Day One: Monday, August 16
Time Activity
9 a.m.

The 9 Pillars of Successful Web Teams
Jesse James Garrett

Every Web team has its own take on dividing up roles and responsibilities. Formal titles, job descriptions, and reporting structures can vary widely. The best teams we've encountered have one important thing in common: their team structure and processes cover a full range of distinct competencies necessary for success. Jesse James Garrett will teach you how to quickly and clearly identify which of the competencies you possess and which you're lacking in the design and development processes.

10:30 a.m. Break
10:45 a.m.

Executive Advocacy: Design as Business Strategy
Scott Hirsch

Aligning the business goals of your site with user needs unleashes the competitive value of user experience. Although few executives pay enough attention to design as business strategy, designers can take the lead by advocating for a development process that identifies business value metrics and assigns accountability for the inpact projects have on the bottom line. Armed with a portfolio of “valuable” successes, designers will get the credibility they deserve at the executive level.

In this session you will learn how to:

  • Identify the user behavior metrics that link to long-term business value
  • Reposition Web design as a corporate investment, rather than an expense
  • Determine the value of user experience investments
  • Convince senior managers that a user-centered approach to solving business problems

12:30 p.m. Lunch
1:30 p.m.

Team Advocacy: Managing the Politics
Janice Fraser

Successful Web teams have figured out how to work within their organizations to demonstrate the value of usable design. In this workshop, you'll learn proven techniques that will:
  • simplify internal politics,
  • increase the resources available to you,
  • help you deliver your best designs.
  • Too many corporations believe that the benefits of user-centered development are intangible and far off. If your management team thinks that user-centered processes are "nice to have" but not critical, this session will teach you how to shift the corporate mindset. We'll offer practical tactics for:
  • creating a user-centered organizational culture,
  • presenting user-focused customer experience as a vital, short-term process,
  • demonstrating its immediate value,
  • developing lasting support among stakeholders.
3:00 p.m. Break
3:15 p.m.

Personal Advocacy: People Skills for Designers
Christina Wodtke

In art school, you're lucky if they teach you how to put together a portfolio. But getting your designs into the world takes more than a mastery of color and font -- it takes an understanding of what motivates the humans who can help you or shoot you down. If you've ever heard "make it bigger" or "make it red" and not known how to deal with it, then this talk is for you.

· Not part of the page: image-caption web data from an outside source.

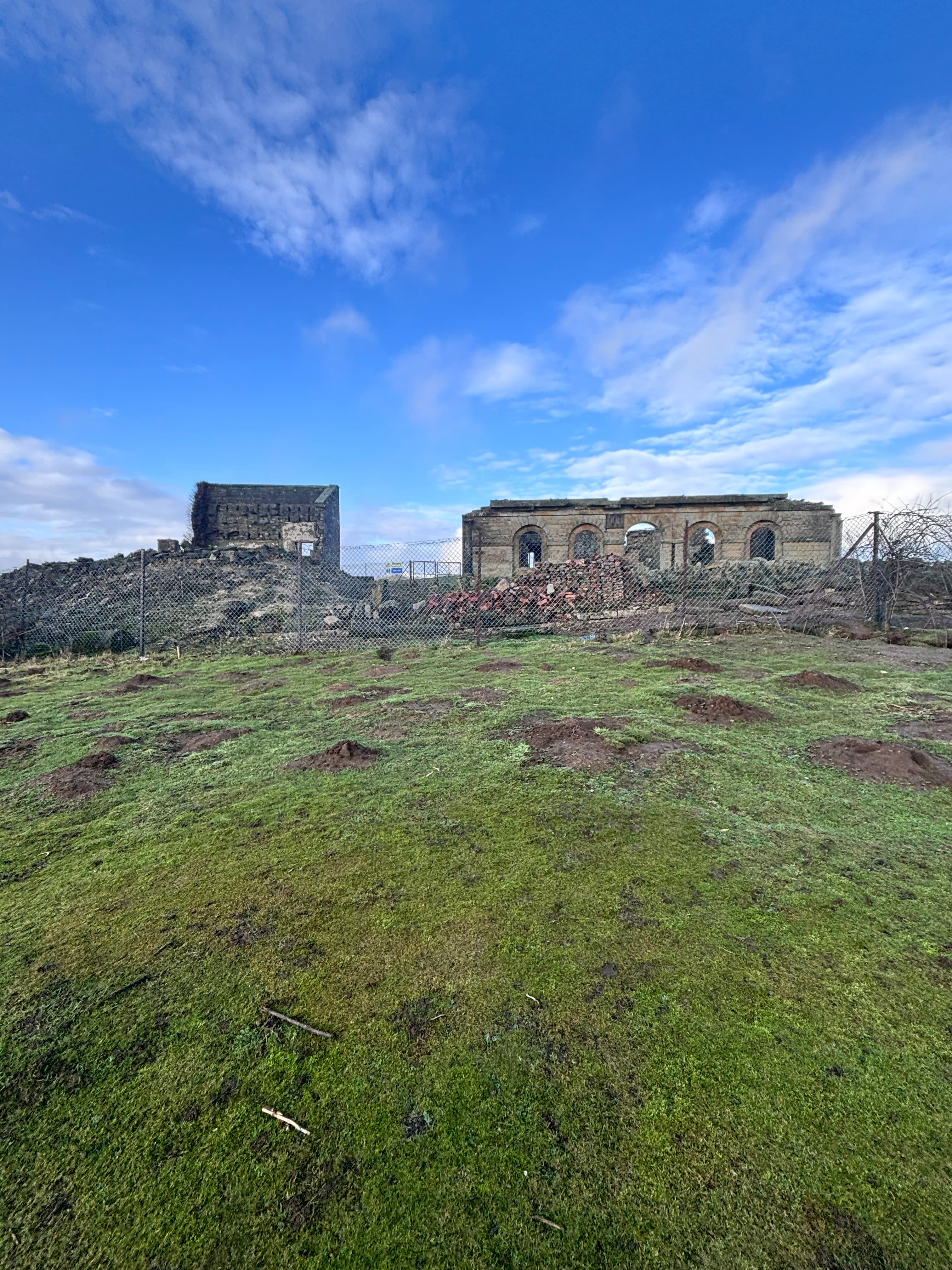 Ruins of stone buildings on a grassy hill under a blue sky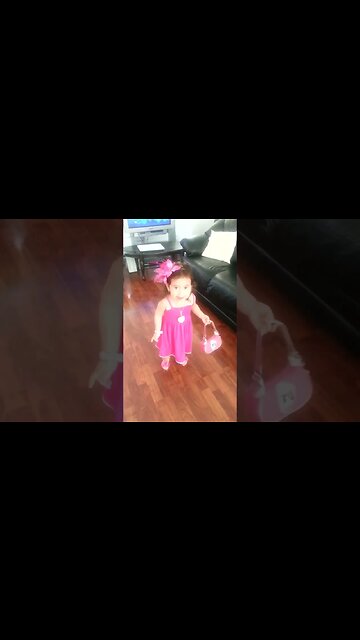 Cutie baby girl is getting ready to dance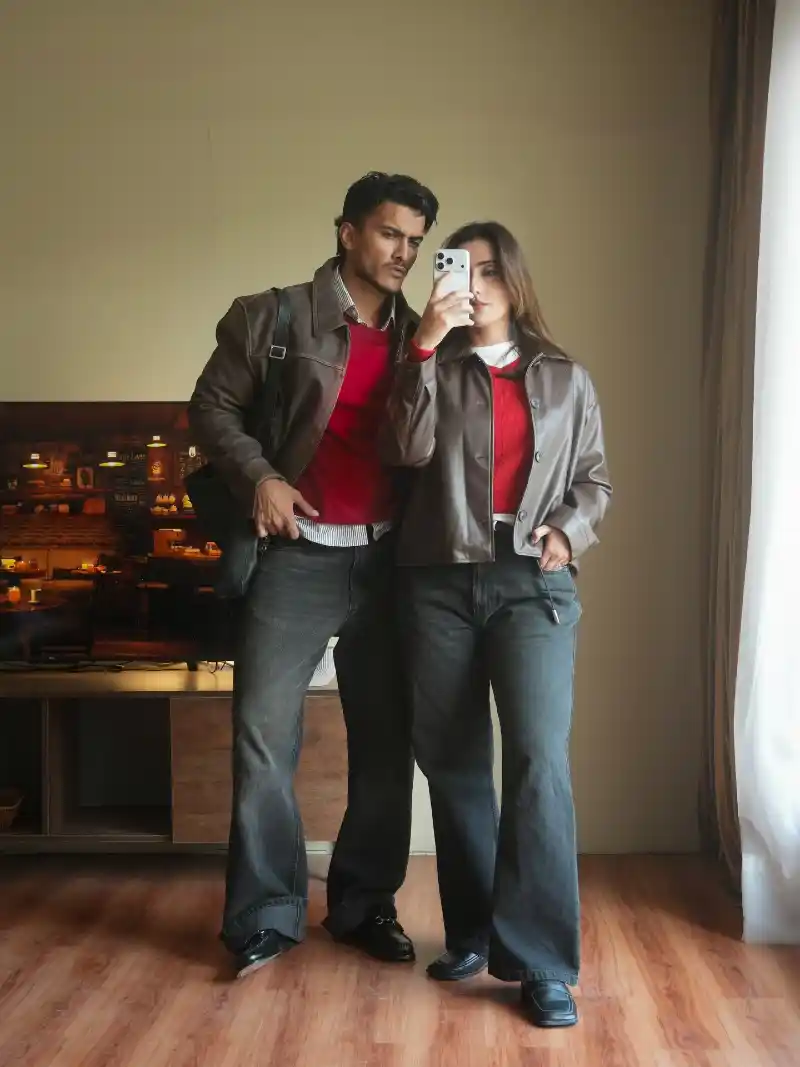 Brown Leather Jacket, Red Sweater, and Dark Grey Jeans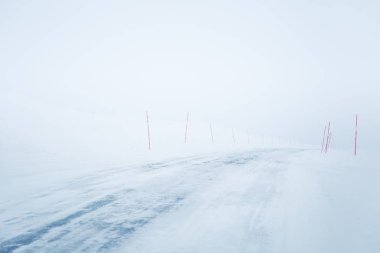 Bir güzel beyaz karlı yol kırmızı Emanet Polonyalılar ile merkez Norveç'te. Minimalist sahne BM Kuzey Avrupa kış.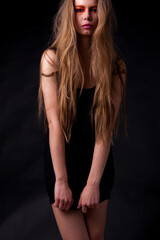 Fototapeta premium Young beautiful stylish girl posing in studio.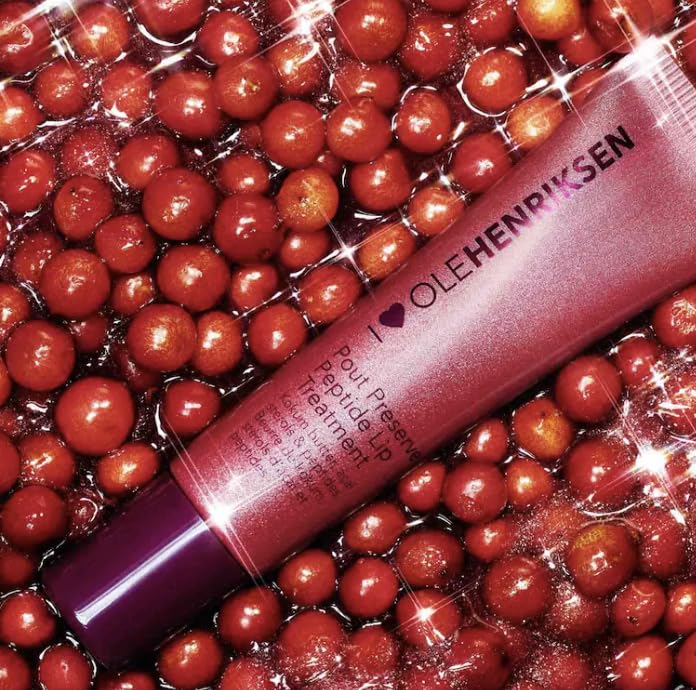 Ole Henriksen lifestyle shot applying Pout Preserve to lips demonstrating hydrating shine and buildable color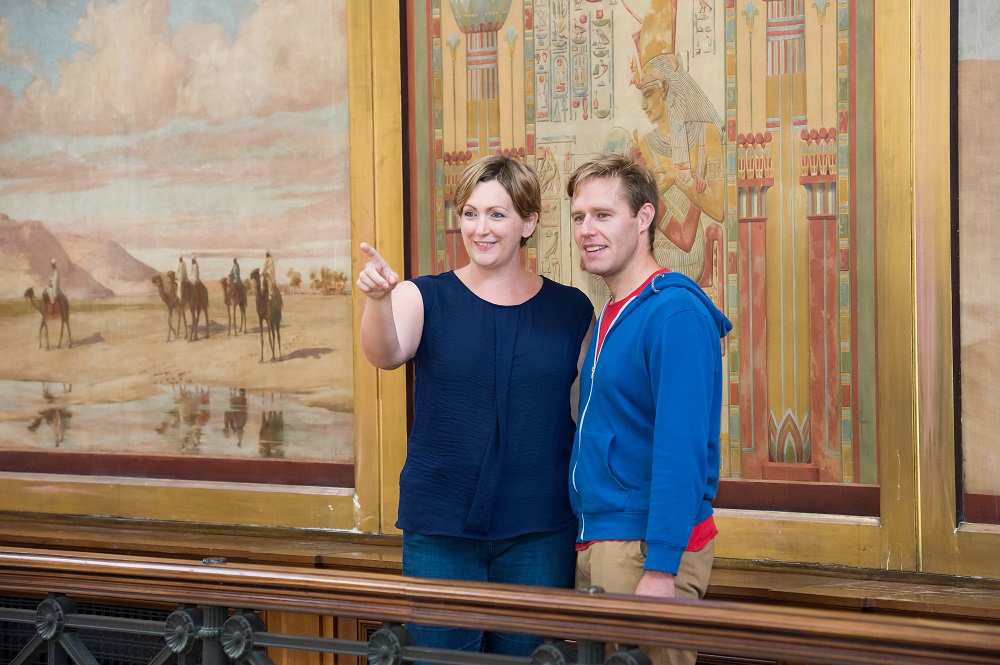 A couple visiting the Egyptian Balcony at the top of the Harris building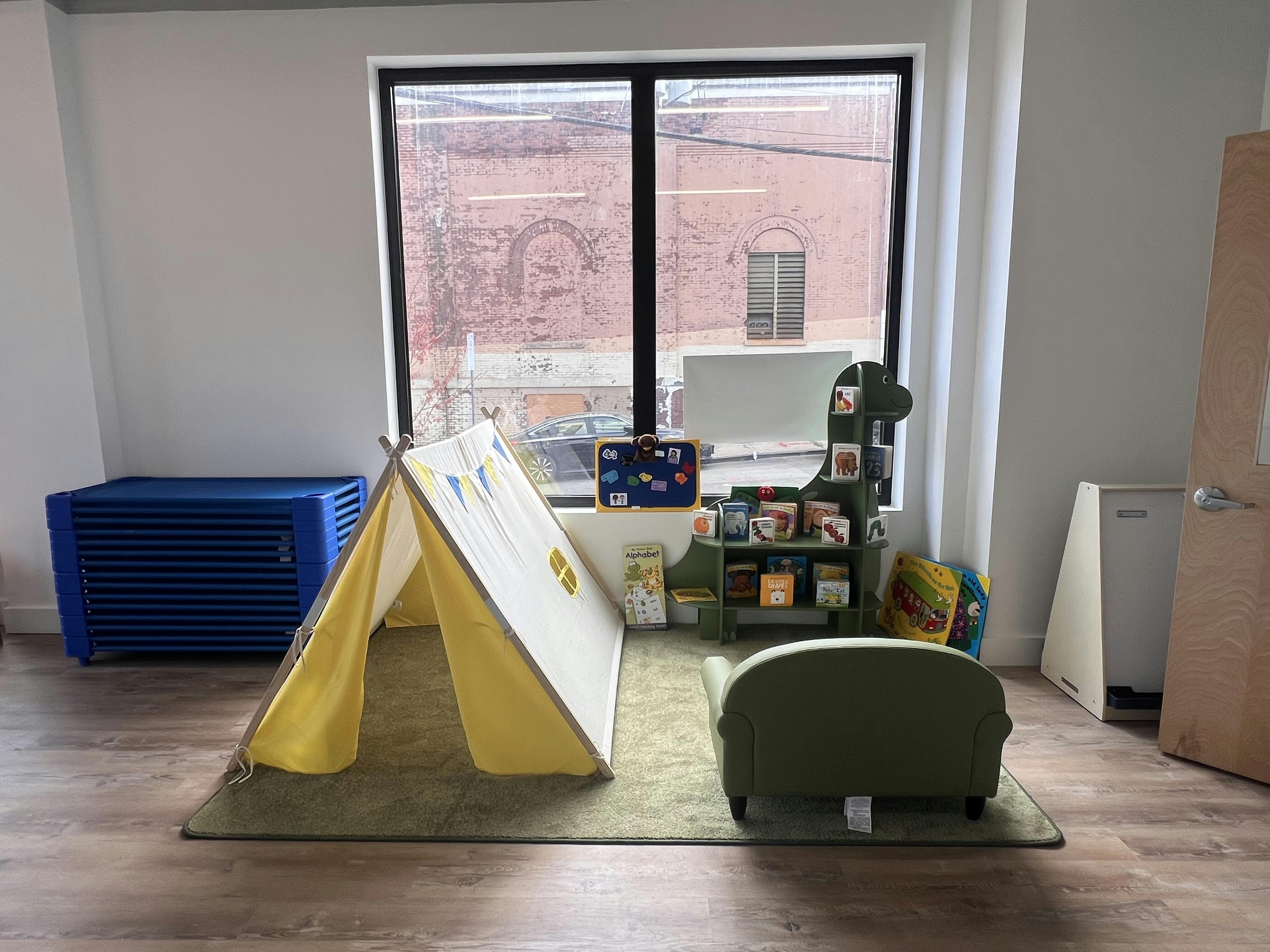 Children's reading nook with a tent, green couch, and dinosaur-shaped bookshelf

Christina will discuss how to:

  • present your design effectively,
  • collect valuable feedback -- and handle the useless feedback,
  • keep your design alive in those scary last-minute-before-launch moments when everyone suddenly second-guesses every choice you made.
5 p.m. Workshop End
5:30 p.m. Adaptive Path cocktails!
 
Day Two: Tuesday, August 17
Time Activity
9 a.m.

The Elements of User Experience
Jesse James Garrett

Designing a sound user experience can be overwhelmingly complex. With so many issues involved -- usability, brand identity, information architecture, interaction design -- it can seem as if the only way to build a successful site is to spend a fortune on specialists who understand all the details. This presentation will impose order on the chaotic array of terms and concepts currently being used to describe user experience development.

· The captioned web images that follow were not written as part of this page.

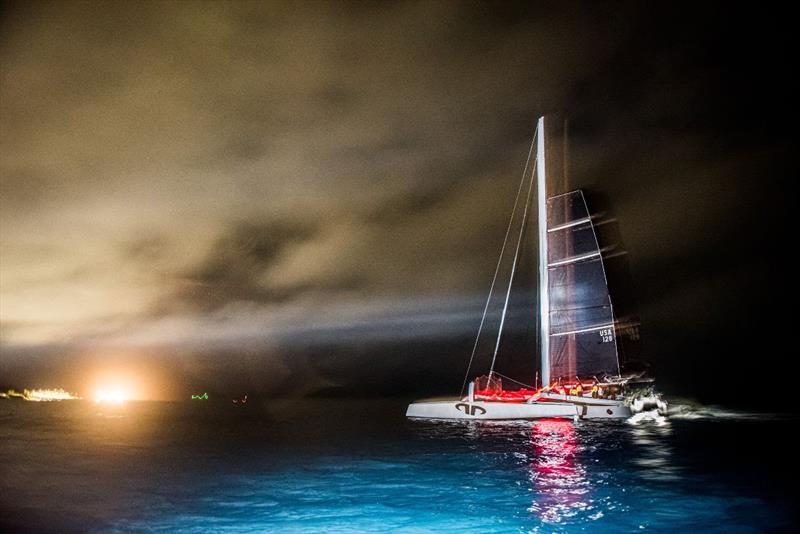 After finishing, Argo rolls up her jib with St. George's Harbour in the background and begins motor-sailing slowly around the island to Hamilton photo copyright Chris Burville taken at Royal Bermuda Yacht Club and featuring the MOD70 class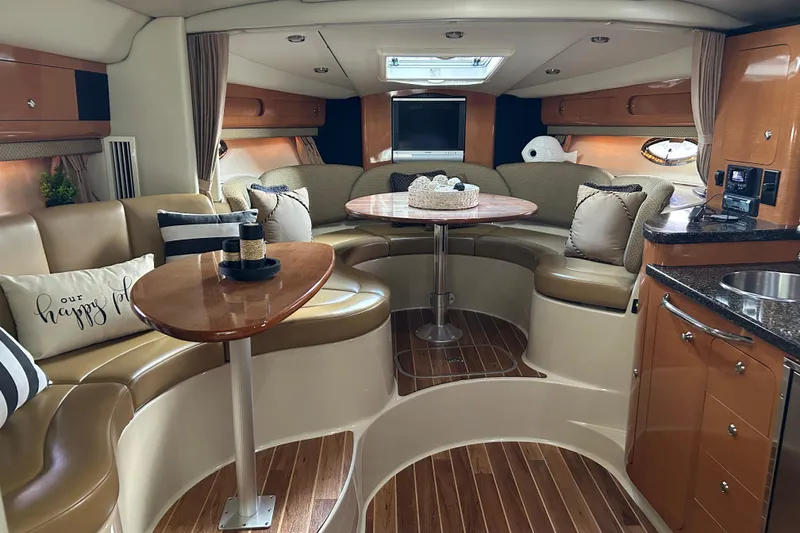 Slide: The Image of Luxurious 2007 Chaparral 330 Signature yacht interior with elegant seating and modern amenities. - 10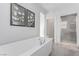 Serene bathroom with a freestanding tub and a separate glass-enclosed shower at 3165 Via Como, Henderson, NV 89044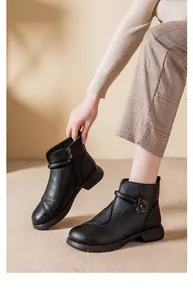 Close-up of black winter ankle boots for women with side flower detail and zipper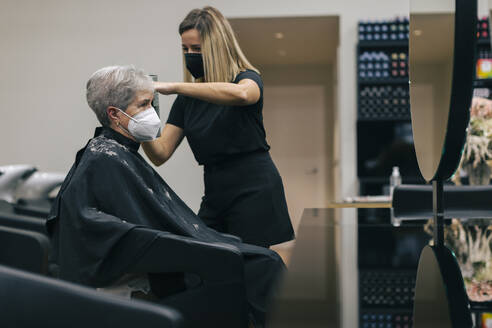 Friseurin mit Gesichtsmaske beim Schneiden der Haare eines Kunden im Salon - OCAF00766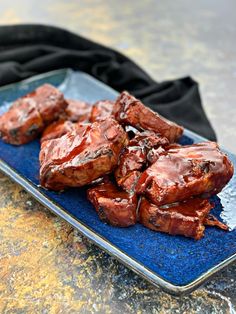 a blue plate topped with meat covered in bbq pork ribs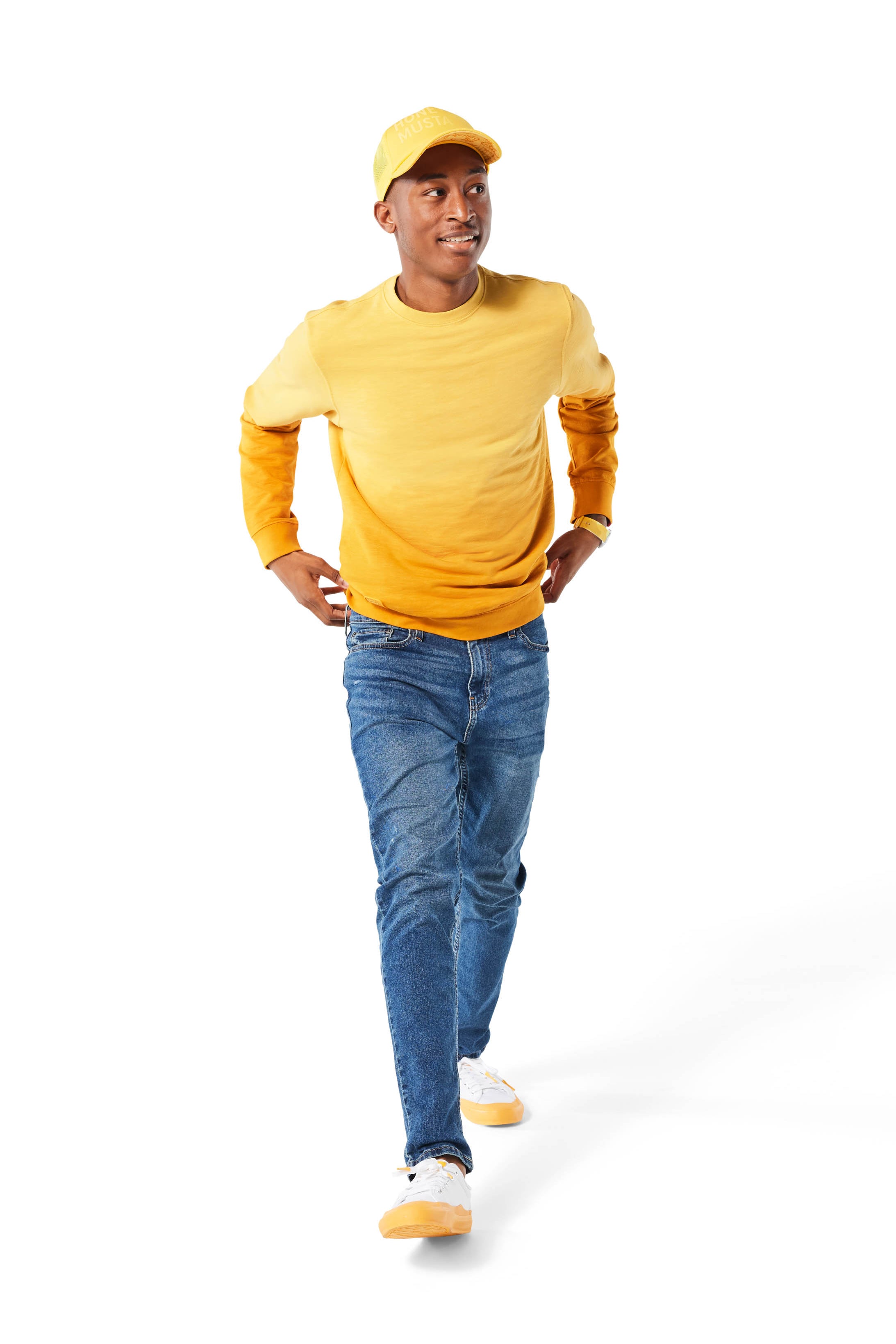 Man walking wearing yellow Ombre Crewneck with yellow Dipped Kicks shoes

We'll review the big picture -- from strategy and requirements to information architecture and visual design -- and explain how each element of user-experience design can help you develop a process. We'll also look at some behind-the-scenes examples of how these ideas have been put into practice in the real world.

10:30 a.m. Break
10:45 a.m.

Interaction Design
Lane Becker

When your website matches people’s expectations, visitors can:

  • use it more efficiently
  • remember it more easily, and
  • focus on accomplishing their goals instead of wasting time figuring out how the system works.

Interaction design is the process of designing an interface that meets users’ expectations in this way, by making certain that the right tools are available to the right people in the right place at the right time. But on the Web, good interaction design is particularly challenging, since the types of interactions possible are much more limited than in traditional software.

This workshop will simplify the process of interaction design into four general principles and will provide you with a set of questions you can ask during the design process, to ensure that your site works as seamlessly, usefully, and intuitively as possible.

12:30 p.m. Lunch
1:30 p.m.

Interface Design Tips: The Three Little Things
Jason Fried, 37 Signals

This session will cover three important aspects of interface design from a practical human perspective:
  1. Context and Perspective -- helping people relate to physical objects online (what does "3.3 x 1.1 x .8" really mean?)
  2. Setting Expectations -- helping people know what comes next (what does this button do, how long will this process take, what will this feature do for me?)
  3. Contingency Design -- helping people get back on track when something goes wrong (hint: offer suggestions, not dead ends). Covers topics from the new book: Defensive Design for the Web.
3 p.m. Break
3:15 p.m. Interface Design Tips (Part Two)
5 p.m. Workshop End
 
Day Three: Wednesday, August 18
Time Activity
9 a.m.

Managing Your Web Site Content: Dodging CMS Disasters
Jeffrey Veen

Content management systems are billed as solutions to all of your Web site woes. They can also cost your organization hundreds of thousands of dollars. So why do so many CMS projects fail? Because companies often don't do the necessary prep work. Expensive technological solutions are ignored when they don't meet your organization's expectations.

After working with several companies, and talking to people at dozens more, we've come up with the steps that will help you to use your CMS efficiently. In this session, Jeffrey Veen will teach you how to inventory your content, analyze your current workflow, and deconstruct your current pages into templates. We'll help you use your existing CMS or move your site to a new CMS without all the costly mistakes.

10:30 a.m. Break
10:45 a.m.

CMS, Part 2
Jeffrey Veen

12:30 p.m. Lunch
1:30 p.m.

The Benefit, Beauty, and Business of Standards, Part 1
Douglas Bowman, Stop Design

Web standards are no longer limited to early-adopting Web geeks, bloggers, and evangelists. The practical benefits of using standards have never been more evident. The experience users have on your site can drastically improve when you begin to embrace the power and flexibility that simple markup and robust style sheets can provide.

3:00 p.m. Break
3:15 p.m.

The Benefit, Beauty, and Business of Standards, Part 2
Douglas Bowman, Stop Design

5 p.m. Workshop End
6:30 p.m. Special Event
 
Day Four: Thursday, August 19
Time Activity
9:00 a.m.

The 9 Steps to Whipping Your Web Site into Shape
Jeffrey Veen and Peter Merholz

Jeff and Peter will give you the big picture. Where does user experience fit in to organizations? What steps can you take to ensure that your hard work will be successful? This session will include lively discussion with all the presenters, offering years of experience from the trenches. Don't miss this chance to relate your experiences as well.

12:30 p.m. Lunch
1:30 p.m.

Field Trip!

You can't possibly spend an entire week sitting in a workshop. That's why we've made arrangements for a very special private tour of the National Building Museum. We'll see first-hand how design and architecture are put into practice in the real world. This will be the perfect end to your week of user experience training, and will help put everything into perspective. (And to top it off, transportation and museum entry are on us!)

Location

Hotel Monaco
A contemporary boutique hotel just steps from all the attractions in Washington, D.C.

Lodging

Workshop Assets

All Workshop attendees will be given a CD-ROM containing the presentation and all sample deliverables.